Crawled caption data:
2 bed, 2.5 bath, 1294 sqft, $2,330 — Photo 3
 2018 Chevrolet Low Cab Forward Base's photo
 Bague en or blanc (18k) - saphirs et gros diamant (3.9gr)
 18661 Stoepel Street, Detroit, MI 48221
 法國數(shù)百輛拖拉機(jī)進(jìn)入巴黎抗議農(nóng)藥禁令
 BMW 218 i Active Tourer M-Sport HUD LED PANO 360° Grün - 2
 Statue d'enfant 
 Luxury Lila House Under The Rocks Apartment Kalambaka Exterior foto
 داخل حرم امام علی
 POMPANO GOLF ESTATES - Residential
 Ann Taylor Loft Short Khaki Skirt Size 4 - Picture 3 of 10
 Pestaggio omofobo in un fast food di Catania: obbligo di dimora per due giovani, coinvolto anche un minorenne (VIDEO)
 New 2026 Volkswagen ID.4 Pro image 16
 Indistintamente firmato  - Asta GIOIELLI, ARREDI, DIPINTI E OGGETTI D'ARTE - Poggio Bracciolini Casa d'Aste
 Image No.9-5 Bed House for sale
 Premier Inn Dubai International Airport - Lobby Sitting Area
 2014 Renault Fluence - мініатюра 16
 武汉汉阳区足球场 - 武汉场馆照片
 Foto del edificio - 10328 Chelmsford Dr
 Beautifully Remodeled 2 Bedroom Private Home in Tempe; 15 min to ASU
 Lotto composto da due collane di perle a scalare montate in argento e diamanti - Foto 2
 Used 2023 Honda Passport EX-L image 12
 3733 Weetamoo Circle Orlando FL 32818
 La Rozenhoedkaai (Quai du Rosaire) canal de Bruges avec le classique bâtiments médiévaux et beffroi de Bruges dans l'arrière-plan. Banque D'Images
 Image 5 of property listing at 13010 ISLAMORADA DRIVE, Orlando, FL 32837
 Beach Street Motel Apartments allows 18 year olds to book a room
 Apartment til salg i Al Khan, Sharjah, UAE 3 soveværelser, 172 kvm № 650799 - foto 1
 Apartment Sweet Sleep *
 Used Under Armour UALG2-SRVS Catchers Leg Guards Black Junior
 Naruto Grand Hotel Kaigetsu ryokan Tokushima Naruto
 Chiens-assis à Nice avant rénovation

Task prompt -> Output the lines above verbatim and in full.

Result of the exercise ->
2 bed, 2.5 bath, 1294 sqft, $2,330 — Photo 3
 2018 Chevrolet Low Cab Forward Base's photo
 Bague en or blanc (18k) - saphirs et gros diamant (3.9gr)
 18661 Stoepel Street, Detroit, MI 48221
 法國數(shù)百輛拖拉機(jī)進(jìn)入巴黎抗議農(nóng)藥禁令
 BMW 218 i Active Tourer M-Sport HUD LED PANO 360° Grün - 2
 Statue d'enfant 
 Luxury Lila House Under The Rocks Apartment Kalambaka Exterior foto
 داخل حرم امام علی
 POMPANO GOLF ESTATES - Residential
 Ann Taylor Loft Short Khaki Skirt Size 4 - Picture 3 of 10
 Pestaggio omofobo in un fast food di Catania: obbligo di dimora per due giovani, coinvolto anche un minorenne (VIDEO)
 New 2026 Volkswagen ID.4 Pro image 16
 Indistintamente firmato  - Asta GIOIELLI, ARREDI, DIPINTI E OGGETTI D'ARTE - Poggio Bracciolini Casa d'Aste
 Image No.9-5 Bed House for sale
 Premier Inn Dubai International Airport - Lobby Sitting Area
 2014 Renault Fluence - мініатюра 16
 武汉汉阳区足球场 - 武汉场馆照片
 Foto del edificio - 10328 Chelmsford Dr
 Beautifully Remodeled 2 Bedroom Private Home in Tempe; 15 min to ASU
 Lotto composto da due collane di perle a scalare montate in argento e diamanti - Foto 2
 Used 2023 Honda Passport EX-L image 12
 3733 Weetamoo Circle Orlando FL 32818
 La Rozenhoedkaai (Quai du Rosaire) canal de Bruges avec le classique bâtiments médiévaux et beffroi de Bruges dans l'arrière-plan. Banque D'Images
 Image 5 of property listing at 13010 ISLAMORADA DRIVE, Orlando, FL 32837
 Beach Street Motel Apartments allows 18 year olds to book a room
 Apartment til salg i Al Khan, Sharjah, UAE 3 soveværelser, 172 kvm № 650799 - foto 1
 Apartment Sweet Sleep *
 Used Under Armour UALG2-SRVS Catchers Leg Guards Black Junior
 Naruto Grand Hotel Kaigetsu ryokan Tokushima Naruto
 Chiens-assis à Nice avant rénovation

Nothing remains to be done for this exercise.